COVID-19 Emergency Response Plan for People with Disabilities – Suspected Case of COVID-19

The Australian Health Sector Emergency Response Plan for Novel Coronavirus guides the Australian health sector response. The management and operational plan focuses on people with a disability. These videos are a transcript of the Plan signed in AUSLAN. This is Part 2 Phase 2. Video 4/5

The Australian Government is committed to ensuring that people with disability and their families and carers have equitable access to health care during the pandemic, including accessible health and social care advice and access to essential supports and services.

Subtitles and Closed Captions

Phase 2: Targeted Action Stage: Suspected or confirmed COVID-19 infection of people with disability.
Aim: Optimise health and support responses to help recovery and minimise further transmission.
Reviewing previously implemented actions.
Triaging patients and potential patients.
Early identification of cases and treatment of confirmed cases.
Manage and support the health and disability workforce, including carers and support workers.
1 – Review.
What can we do?
Review “Phase 1” steps above.
2. Triage patients and potential patients.
Individuals and health services to use videoconferencing, telehealth consultations,
including Healthdirect if appropriate, to enable assessment of people with disability
in a way which minimises disruption, and the need for transportation.
Access to Translation Information Services (TIS) for people with disability -
is prioritised to support effective communication during any triage process.
Enable people with disability and those supporting them to access diagnostic testing including:
Providing information to patients in a format that is appropriate to their needs (easy read, braille, Auslan).
Ensuring those providing disability supports know how to support a person who requires testing,
and how to respond should there be a positive test result.
Developing advice sheets for GPs and clinics around testing considerations.
Providing accessible testing.
For people presenting with respiratory symptoms,
use respiratory/fever clinics with heightened infection prevention and control capacity to:
Redirect demand for face-to-face services away from emergency departments
and usual primary health care providers for respiratory presentations.
Reduce transmission risk by focussing care for respiratory presentations in a dedicated setting.
Enable specialist expertise to be sourced for risk factors affecting people with disability.
Maximise efficient use of PPE supply.
Enable people to be accompanied by families, carers or support workers (if required).
Where respiratory/fever clinics are not available, prepare local clinics with access to appropriate -
PPE and containment measures.

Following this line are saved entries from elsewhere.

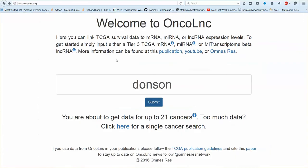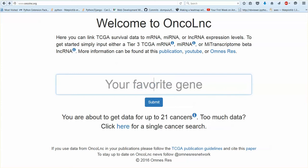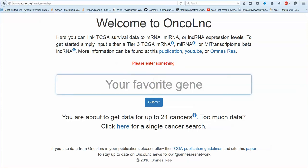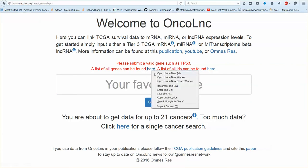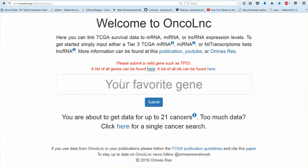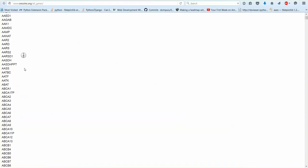So what gene names can you type in here? So if you don't type anything in you'll get an error. If you type in an incorrect name you'll be given these links. So these links will tell you every single symbol that Oncolink will accept.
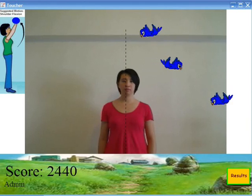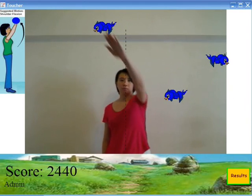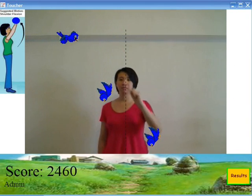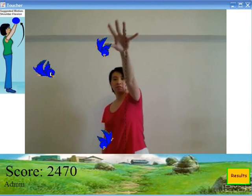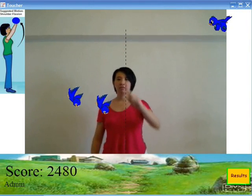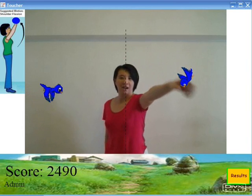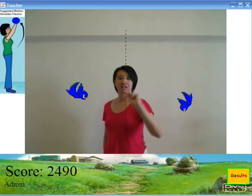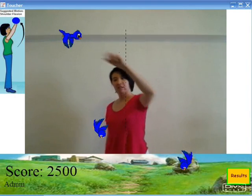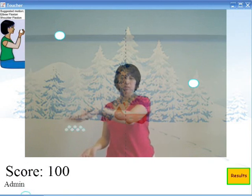The Virtual Reality Rehabilitation Software 2Share adopts the latest computer graphics and imaging technology. Patients are placed in a virtual environment to experience different visual and auditory stimuli. In addition, the virtual scene can gently guide the patient in a specific motor task.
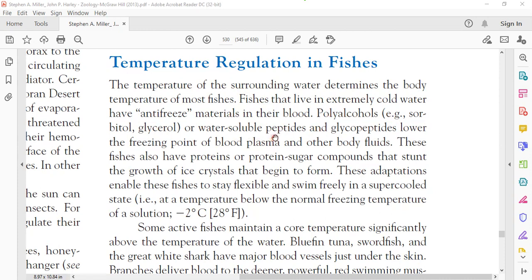These fish also have water-soluble peptides — peptides being short sequences of amino acids. These peptides work as anti-freezing agents. They also work as glycoproteins — that is, carbohydrate plus protein — and as glycopeptides.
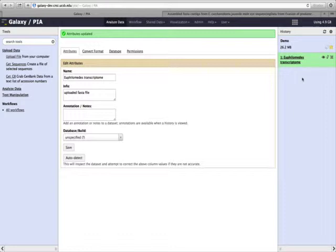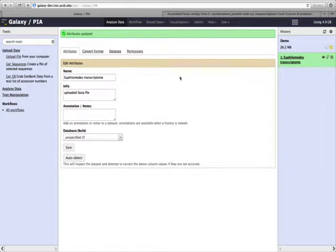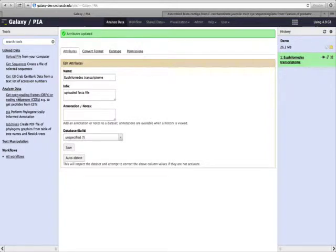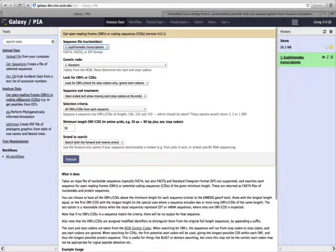PIA actually uses amino acid sequences of proteins. So we could either upload these directly into the website if we have them, or we can generate open reading frames using tools on the PIA website. Under Tools here, we want to click on Analyze Data, and then click on Get Open Reading Frames.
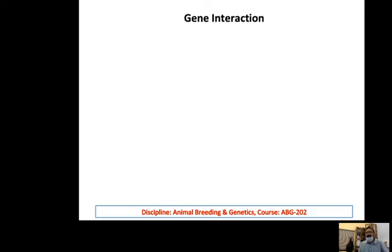Welcome back students. The next concept that is not covered by Mendel or Mendelism is gene interaction.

This may include: educating staff on the risk factors for -
people with disability; notices; screening; and reducing the number of visitors/other patients in the clinic.
Consider the health needs of people with disability in remote retrieval and remote primary care service -
planning and delivery, including linking with the strategies in the Management Plan -
for Aboriginal and Torres Strait Islander Communities.

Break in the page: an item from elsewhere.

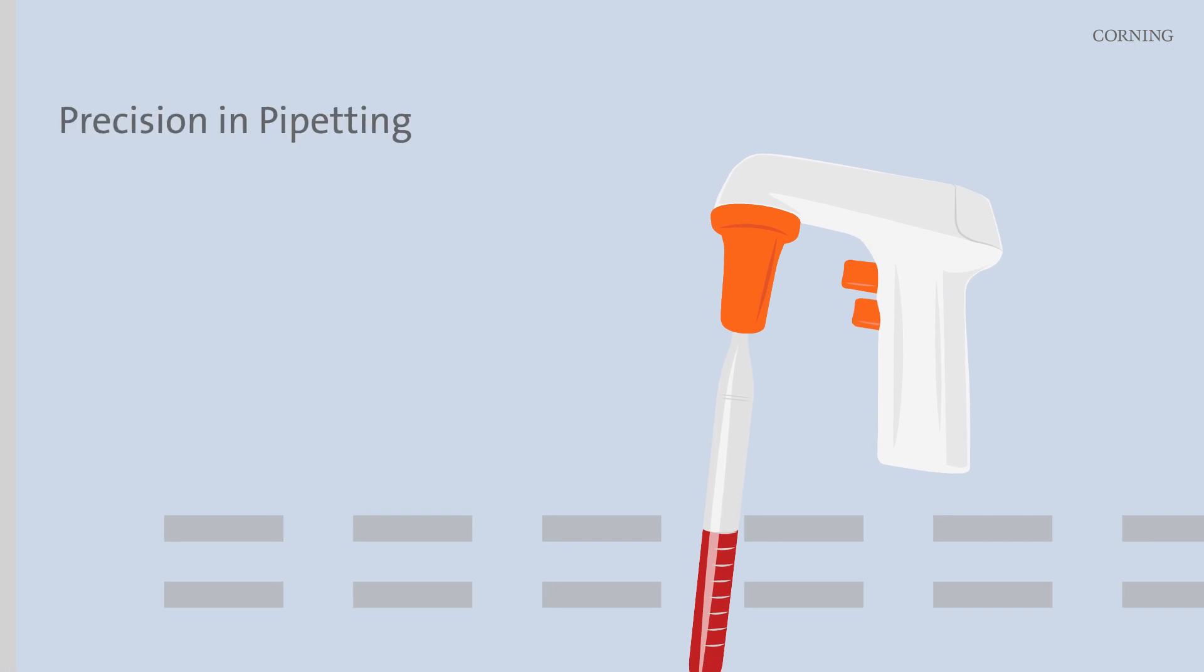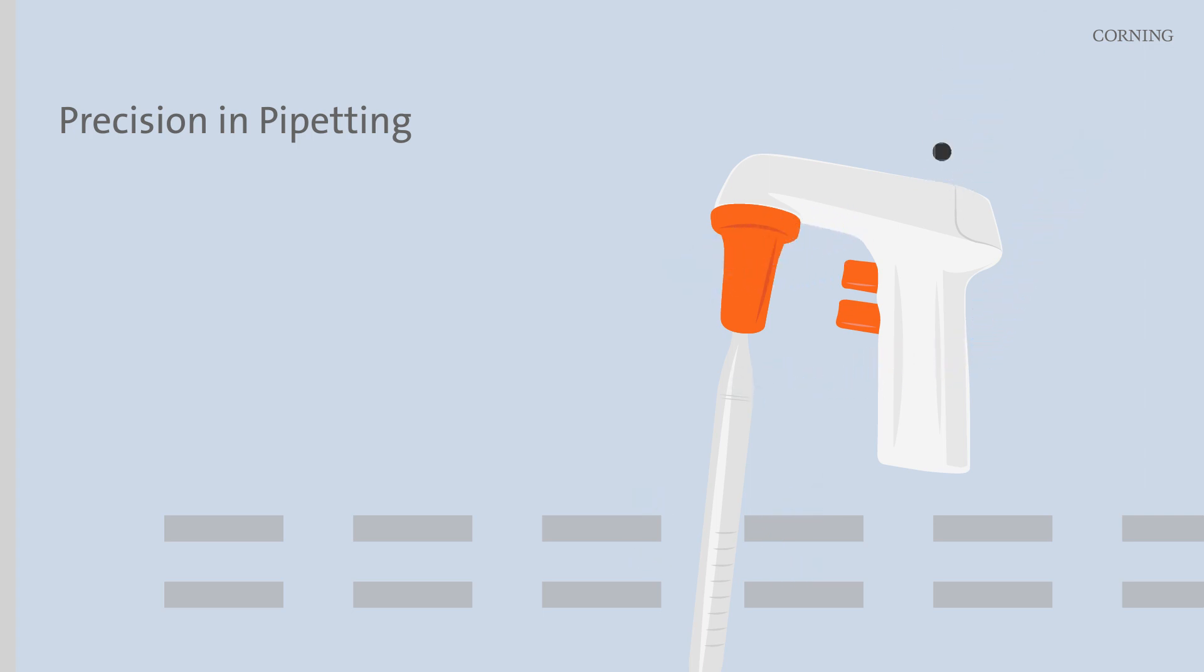Seamlessly transfer your precious cells using sterile serological pipettes and the pipette controller, ensuring accuracy and minimizing the risk of contamination.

3. Early identification of cases and treatment of confirmed cases.
Should COVID-19 be suspected or detected:
1) Contact relevant state/territory public health units to assess risk,
and consider mobilising additional staffing to assist in testing,
treating and adjustments to formal and informal supports as required to maintain continuity
of disability supports during assessment and post-diagnosis
2) If appropriate,
treat people with symptoms which fit the clinical case definition until laboratory confirmation of the case,
and instigate infection control measures including isolation logistics
in the context of the person’s living arrangements.

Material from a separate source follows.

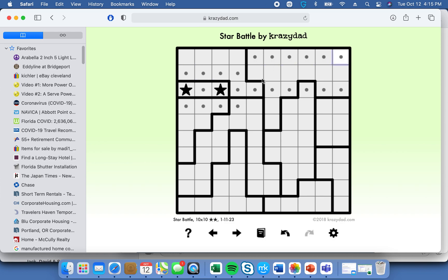This row has now been dedicated to this diagram, so we have to have two stars here. By doing that, we don't know exactly where the stars will go, but we can eliminate these two cells for further consideration because two stars complete the row and two stars complete the diagram. So there you go — so far, so good.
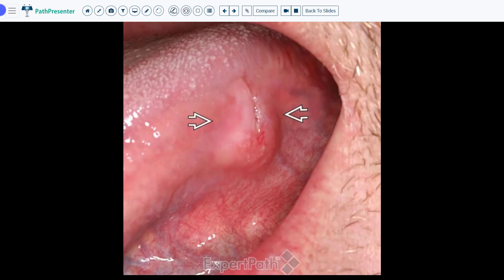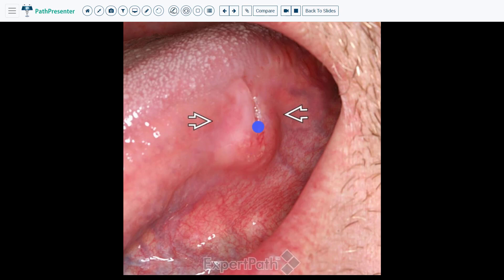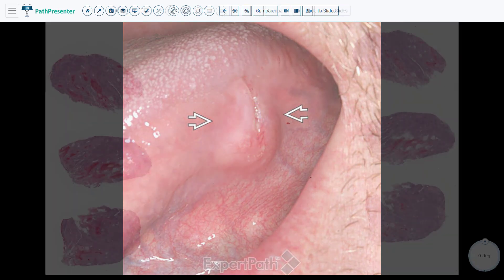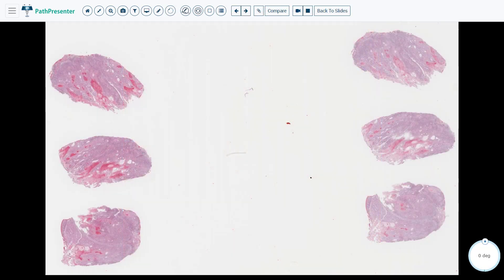Case one is oral squamous cell carcinoma. You can see in this picture the top of the tongue is up here, this is the edge of the mouth, and there is obviously a tumor right here. This lesion from here to here is an ulcer on top of the tumor. This is a biopsy of the tumor — you can see there are three pieces of tissue. I'm going to take a closer look at the one on the bottom left.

3) Reduce the risk of severe complications by rapid testing and assessment,
clinically appropriate treatment of cases with specific clinical criteria relating to
the person’s other health care and disability requirements.
4) If laboratory confirmation of the case is received,
instigate infection control measures,
including isolation of confirmed cases and contact management to maintain or enhance critical supports,
in accordance with guidelines.
Families, carers, support workers and organisations to consider how they will
support individuals or households who are in quarantine or self-isolating, including:
access to meals which meet dietary requirements;
access to activities to engage the person;
facilitating communication between the person and their families and friends;
and assisting the person to maintain personal hygiene.
Rapid triage and response when people with disability present to EDs, clinics and paramedics.
To support effective responses, develop and disseminate advice sheets which assist health care staff
to adjust their practice to support people with disability in EDs,
clinics and other settings during the COVID-19 pandemic.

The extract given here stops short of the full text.